Repeat the listing below in full, keeping each word as given.
PROVIDED RECORDS section start
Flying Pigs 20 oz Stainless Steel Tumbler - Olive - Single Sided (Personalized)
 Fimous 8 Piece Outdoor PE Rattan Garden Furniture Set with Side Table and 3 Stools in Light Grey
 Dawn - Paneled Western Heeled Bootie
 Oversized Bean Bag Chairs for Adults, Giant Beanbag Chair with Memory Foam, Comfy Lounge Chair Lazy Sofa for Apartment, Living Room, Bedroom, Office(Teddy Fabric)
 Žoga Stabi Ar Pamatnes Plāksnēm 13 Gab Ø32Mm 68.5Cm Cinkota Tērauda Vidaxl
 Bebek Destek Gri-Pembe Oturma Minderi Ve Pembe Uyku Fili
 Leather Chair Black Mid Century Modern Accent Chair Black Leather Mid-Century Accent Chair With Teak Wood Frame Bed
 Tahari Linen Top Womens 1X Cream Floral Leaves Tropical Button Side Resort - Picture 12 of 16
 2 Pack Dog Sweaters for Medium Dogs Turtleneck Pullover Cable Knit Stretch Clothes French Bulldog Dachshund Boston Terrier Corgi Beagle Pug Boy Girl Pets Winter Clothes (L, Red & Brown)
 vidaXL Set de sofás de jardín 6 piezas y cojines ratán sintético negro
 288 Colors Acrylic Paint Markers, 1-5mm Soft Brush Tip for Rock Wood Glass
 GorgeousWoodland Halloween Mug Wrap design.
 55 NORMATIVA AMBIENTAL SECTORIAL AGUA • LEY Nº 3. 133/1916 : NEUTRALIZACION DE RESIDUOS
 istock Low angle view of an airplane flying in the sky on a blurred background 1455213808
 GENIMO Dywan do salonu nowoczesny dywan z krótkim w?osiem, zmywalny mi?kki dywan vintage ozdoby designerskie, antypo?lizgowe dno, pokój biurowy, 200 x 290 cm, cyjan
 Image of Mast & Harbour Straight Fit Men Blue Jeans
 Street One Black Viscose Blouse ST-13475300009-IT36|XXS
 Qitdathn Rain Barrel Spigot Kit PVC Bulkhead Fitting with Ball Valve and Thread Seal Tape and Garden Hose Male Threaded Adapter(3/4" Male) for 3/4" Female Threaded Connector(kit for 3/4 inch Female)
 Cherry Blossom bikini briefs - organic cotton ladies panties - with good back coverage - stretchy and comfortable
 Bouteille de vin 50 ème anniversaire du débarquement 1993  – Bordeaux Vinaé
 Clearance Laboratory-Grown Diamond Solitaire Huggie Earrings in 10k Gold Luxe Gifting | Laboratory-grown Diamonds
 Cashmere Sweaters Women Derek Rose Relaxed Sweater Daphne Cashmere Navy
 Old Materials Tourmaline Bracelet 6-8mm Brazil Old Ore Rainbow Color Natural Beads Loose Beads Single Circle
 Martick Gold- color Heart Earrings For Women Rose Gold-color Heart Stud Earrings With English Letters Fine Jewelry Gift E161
PROVIDED RECORDS section end
ANSWER TO THIS PROBLEM ->
Flying Pigs 20 oz Stainless Steel Tumbler - Olive - Single Sided (Personalized)
 Fimous 8 Piece Outdoor PE Rattan Garden Furniture Set with Side Table and 3 Stools in Light Grey
 Dawn - Paneled Western Heeled Bootie
 Oversized Bean Bag Chairs for Adults, Giant Beanbag Chair with Memory Foam, Comfy Lounge Chair Lazy Sofa for Apartment, Living Room, Bedroom, Office(Teddy Fabric)
 Žoga Stabi Ar Pamatnes Plāksnēm 13 Gab Ø32Mm 68.5Cm Cinkota Tērauda Vidaxl
 Bebek Destek Gri-Pembe Oturma Minderi Ve Pembe Uyku Fili
 Leather Chair Black Mid Century Modern Accent Chair Black Leather Mid-Century Accent Chair With Teak Wood Frame Bed
 Tahari Linen Top Womens 1X Cream Floral Leaves Tropical Button Side Resort - Picture 12 of 16
 2 Pack Dog Sweaters for Medium Dogs Turtleneck Pullover Cable Knit Stretch Clothes French Bulldog Dachshund Boston Terrier Corgi Beagle Pug Boy Girl Pets Winter Clothes (L, Red & Brown)
 vidaXL Set de sofás de jardín 6 piezas y cojines ratán sintético negro
 288 Colors Acrylic Paint Markers, 1-5mm Soft Brush Tip for Rock Wood Glass
 GorgeousWoodland Halloween Mug Wrap design.
 55 NORMATIVA AMBIENTAL SECTORIAL AGUA • LEY Nº 3. 133/1916 : NEUTRALIZACION DE RESIDUOS
 istock Low angle view of an airplane flying in the sky on a blurred background 1455213808
 GENIMO Dywan do salonu nowoczesny dywan z krótkim w?osiem, zmywalny mi?kki dywan vintage ozdoby designerskie, antypo?lizgowe dno, pokój biurowy, 200 x 290 cm, cyjan
 Image of Mast & Harbour Straight Fit Men Blue Jeans
 Street One Black Viscose Blouse ST-13475300009-IT36|XXS
 Qitdathn Rain Barrel Spigot Kit PVC Bulkhead Fitting with Ball Valve and Thread Seal Tape and Garden Hose Male Threaded Adapter(3/4" Male) for 3/4" Female Threaded Connector(kit for 3/4 inch Female)
 Cherry Blossom bikini briefs - organic cotton ladies panties - with good back coverage - stretchy and comfortable
 Bouteille de vin 50 ème anniversaire du débarquement 1993  – Bordeaux Vinaé
 Clearance Laboratory-Grown Diamond Solitaire Huggie Earrings in 10k Gold Luxe Gifting | Laboratory-grown Diamonds
 Cashmere Sweaters Women Derek Rose Relaxed Sweater Daphne Cashmere Navy
 Old Materials Tourmaline Bracelet 6-8mm Brazil Old Ore Rainbow Color Natural Beads Loose Beads Single Circle
 Martick Gold- color Heart Earrings For Women Rose Gold-color Heart Stud Earrings With English Letters Fine Jewelry Gift E161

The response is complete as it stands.